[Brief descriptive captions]

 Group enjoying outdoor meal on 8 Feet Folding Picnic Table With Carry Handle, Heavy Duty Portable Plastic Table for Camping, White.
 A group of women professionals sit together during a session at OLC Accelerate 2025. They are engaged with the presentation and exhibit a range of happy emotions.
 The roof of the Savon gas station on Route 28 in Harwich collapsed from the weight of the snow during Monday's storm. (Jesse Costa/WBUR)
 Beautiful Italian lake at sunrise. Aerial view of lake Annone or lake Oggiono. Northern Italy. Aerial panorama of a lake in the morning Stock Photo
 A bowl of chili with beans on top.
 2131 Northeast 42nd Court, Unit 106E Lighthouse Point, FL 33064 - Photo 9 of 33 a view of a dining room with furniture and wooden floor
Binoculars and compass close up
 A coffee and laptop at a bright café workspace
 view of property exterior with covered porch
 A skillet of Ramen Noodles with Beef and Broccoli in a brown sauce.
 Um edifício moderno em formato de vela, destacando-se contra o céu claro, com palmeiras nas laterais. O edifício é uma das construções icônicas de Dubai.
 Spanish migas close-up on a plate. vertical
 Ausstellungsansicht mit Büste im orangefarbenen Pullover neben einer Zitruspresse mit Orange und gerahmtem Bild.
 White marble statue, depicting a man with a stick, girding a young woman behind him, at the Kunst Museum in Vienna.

*REQUIREMENT:* Once the records are read, print each of them exactly as written.

*WRITTEN SOLUTION:*
 Group enjoying outdoor meal on 8 Feet Folding Picnic Table With Carry Handle, Heavy Duty Portable Plastic Table for Camping, White.
 A group of women professionals sit together during a session at OLC Accelerate 2025. They are engaged with the presentation and exhibit a range of happy emotions.
 The roof of the Savon gas station on Route 28 in Harwich collapsed from the weight of the snow during Monday's storm. (Jesse Costa/WBUR)
 Beautiful Italian lake at sunrise. Aerial view of lake Annone or lake Oggiono. Northern Italy. Aerial panorama of a lake in the morning Stock Photo
 A bowl of chili with beans on top.
 2131 Northeast 42nd Court, Unit 106E Lighthouse Point, FL 33064 - Photo 9 of 33 a view of a dining room with furniture and wooden floor
Binoculars and compass close up
 A coffee and laptop at a bright café workspace
 view of property exterior with covered porch
 A skillet of Ramen Noodles with Beef and Broccoli in a brown sauce.
 Um edifício moderno em formato de vela, destacando-se contra o céu claro, com palmeiras nas laterais. O edifício é uma das construções icônicas de Dubai.
 Spanish migas close-up on a plate. vertical
 Ausstellungsansicht mit Büste im orangefarbenen Pullover neben einer Zitruspresse mit Orange und gerahmtem Bild.
 White marble statue, depicting a man with a stick, girding a young woman behind him, at the Kunst Museum in Vienna.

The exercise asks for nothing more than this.